El primer día sí nos lo tomamos con calma. Nos levantamos a las 9, después de habernos despertado un niño gritón a las 6 de la mañana, al que odié el resto del viaje, desayunamos y nos fuimos para la playa. Allí nos encontramos con Maribel y Rubén, una pareja de recién casados muy simpáticos (no porque fueran recien casados, sino porque era simpáticos) con quienes habíamos coincidido también en el crucero. Descubrimos que habíamos estado, un par de año antes, en el mismo concierto de Pearl Jam en Lisboa (lo que no es un dato muy alucinante, pero demuestra lo pequeño que es el mundo, porque ellos viven en Badajoz, por lo que Lisboa les cae relativamente cerca, pero desde Málaga y Granada, donde vivíamos entonces, el viaje en carretera se hace, como poco, un tanto pesado). Comimos con ellos e hicimos snorkel, quedándonos totalmente alucinados con los distintos tipos de coral (yo conté 4 distintos), demás plantas marinas, y cantidad de especies distintas de peces que se podían ver sin sumergirte demasiado. Ni siquiera era necesario bucear con bombona para quedarse alucinado.
Tras la excursión marina, nos fuimos a la habitación, descansamos (nos echamos una siesta en condiciones) y bajamos a cenar.
Y aquí, prácticamente, termina la parte de relax de estos días.
Tras la cena, a las 22:30, nos recogieron para llevarnos hasta donde se encuentra el Monasterio de Santa Catalina, lugar desde donde se empieza a subir el Monte Sinaí, lugar sagrado para tres religiones. Tardamos unas 3 horas en llegar a dicho lugar, tuviendo que enseñar en dos ocasiones el pasaporte con la visa para poder continuar el camino.
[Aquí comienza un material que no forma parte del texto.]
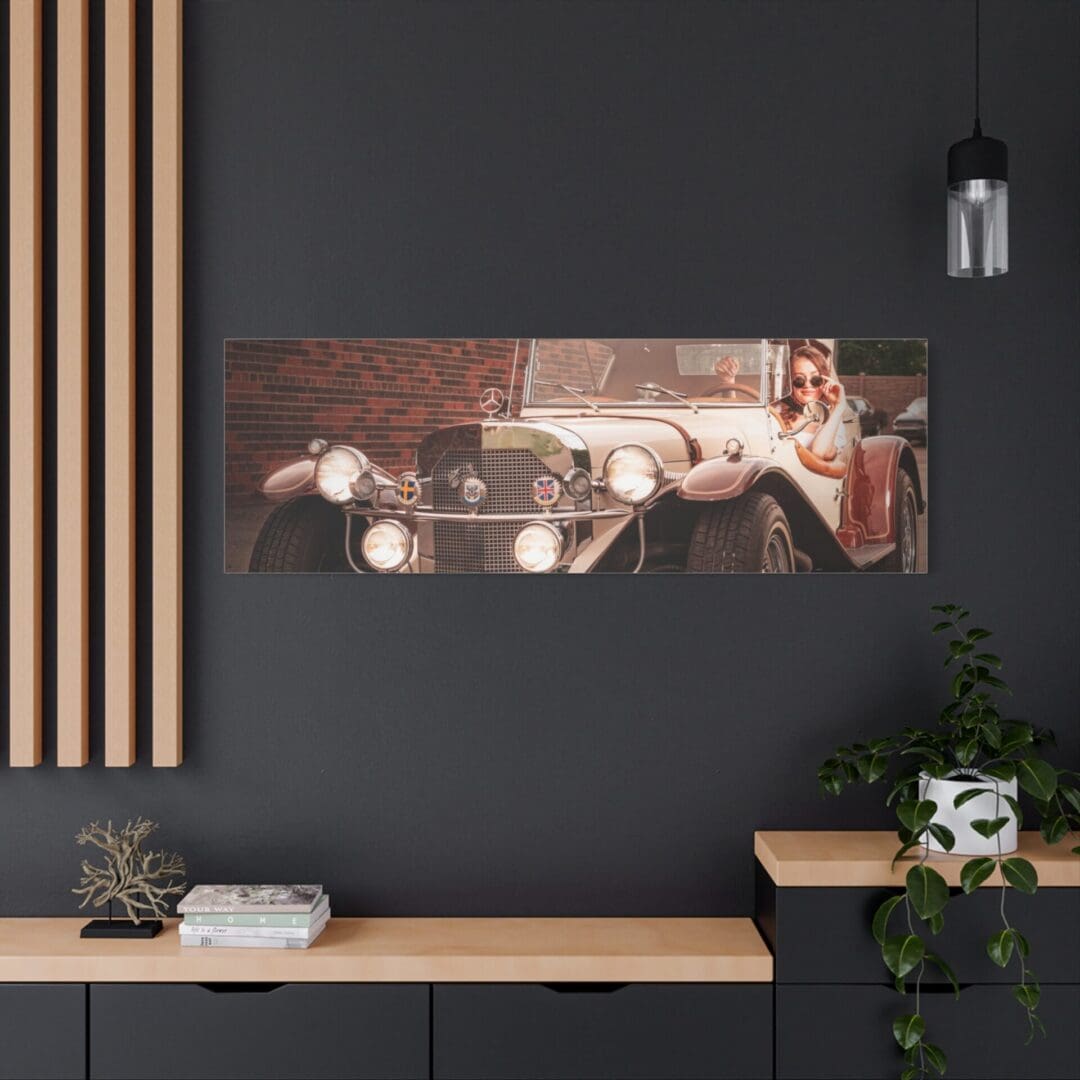 Modern living room with vintage car wall art and minimalist decor.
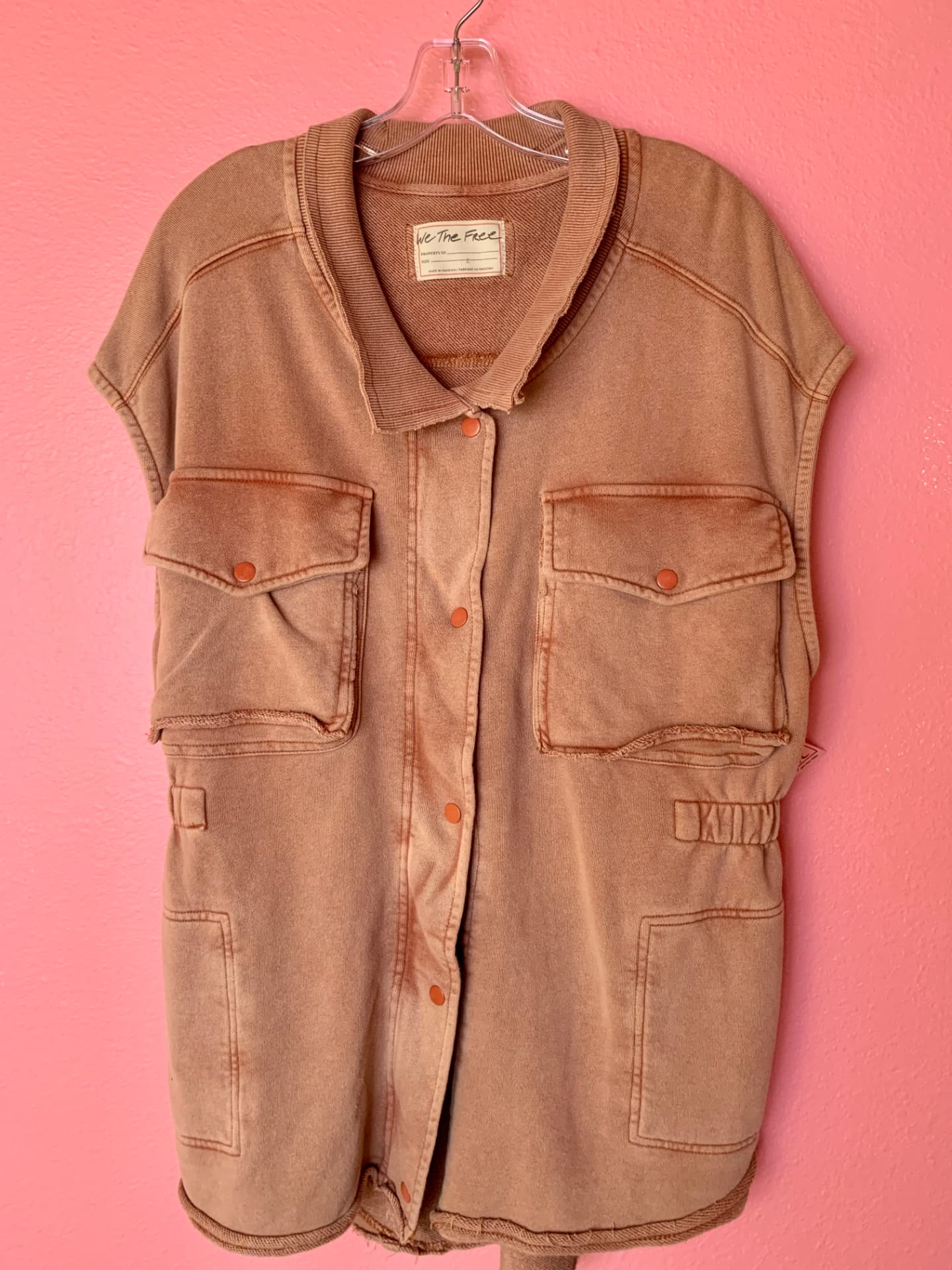 Rust sleeveless utility vest with snap front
Debido al hecho de que tienes que llevar el pasaporte contigo, tuve que volver a la habitación a recogerlo, momento en el que dejé olvidada la cámara en la habitación, el único día en que el que, además, habíamos dejado la cámara chica también allí, pues pensamos que para qué cargar con dos cámaras... En fin, que nos plantamos subiendo el Monte Sinaí con el iPhone como única cámara para inmortalizar el momento! Y sí, fue SÓLO culpa mía.
Como en cualquier lugar turístico de Egipto, hay puestos en los que puedes comprar el suvenir deseado, pero aquí, al menos, no te agobiaban en absoluto. Simplemente estaban allí esperando que alguien se acercara a ver su mercancía.
Una vez que llegas a este lugar, a unos 200 metros de donde se encuentra el Monasterio de Santa Catalina (donde se supone que estuvo la zarza ardiente que habló con Moisés), te asignan un guía beduino, que te guía hasta la cima de la montaña.
Se supone que hay dos caminos para alcanzar la cima: la ruta de los camellos y los escalones del arrepentimiento. Ambas confluyen en un mismo punto, 750 escalones por debajo de la cima. Escalones que sí hay que subir, sin alternativa, para alcanzar la cima.
Como el resto de cientos (o miles) de personas que subieron aquella noche los 7 kilómetros que hay hasta la cima, fuimos, tras nuestro guía, por la ruta de los camellos. Nuestro guía parecía que quería llegar el primero y, en lugar de ir por el camino establecido, iba atajando camino por en medio del monte, para no andar junto a los camellos, que era peligroso, nos explicó. (Yo sigo pensando que había apostado algo con un colega, y tenía que llegar antes que él, porque había una rusa en el grupo a la que por poco se carga, en serio. Hubo un momento en que realmente creí que se moría).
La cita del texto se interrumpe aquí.